Robin Thicke has finally broken his silence on the lawsuit he lost back in March over the issue of his Pharrell Williams-assisted hit "Blurred Lines" in a new interview with the New York Times. The lawsuit alleged that "Blurred Lines" illegally lifted the groove from Marvin Gaye's "Got to Give it Up" and resulted in a court-mandated payout of $7.4 million to the family of the late singer. 

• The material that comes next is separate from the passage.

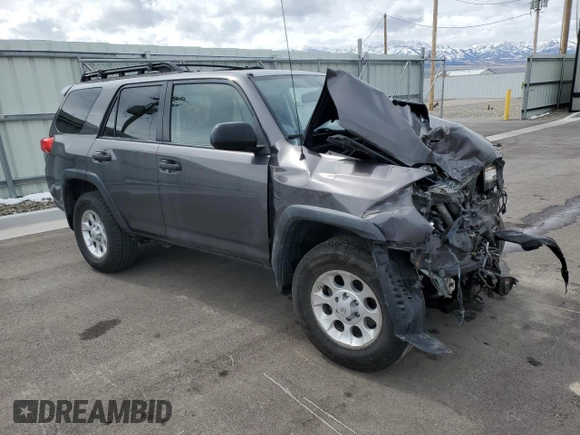 2010 Toyota 4Runner Trail with VIN JTEBU5JR4A5032960, listed as a Copart auction lot 50016095 with Not Provided miles and Salvage Title. Bid and sale history available at DreamBid. Image 4.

According to Thicke, the decision came as a surprise and he explained his motivation to appeal on those terms. "Obviously, that’s why we’re appealing," he told the Times. "It comes right down to knowing the difference between being inspired and stealing. Why would I want to, or have to, steal from anybody to make my music? Inspiration can be subliminal...I know the difference between inspiration and theft. I’m constantly inspired, but I would never steal. And neither would Pharrell." During the interview Thicke also admitted that he was too caught up in his personal life—namely, his very public and unashamed campaign to get his ex-wife Paula Patton back—to give the trial the attention it deserved. "I didn’t give my all to the trial," he said. "It simply wasn’t as important to me as what was going on in my personal life. I was lost at the time. I had lost my way."

"What I thought was romantic was just embarrassing," he said of his public performances pleading for Patton's forgiveness. "So I shut everything down. I took some time off to be with my son and to be with my family and close friends. And the more time I took off, the more everything became clear."

Meanwhile, Thicke is currently prepping an album tentatively titled Morning Sun for release later this year.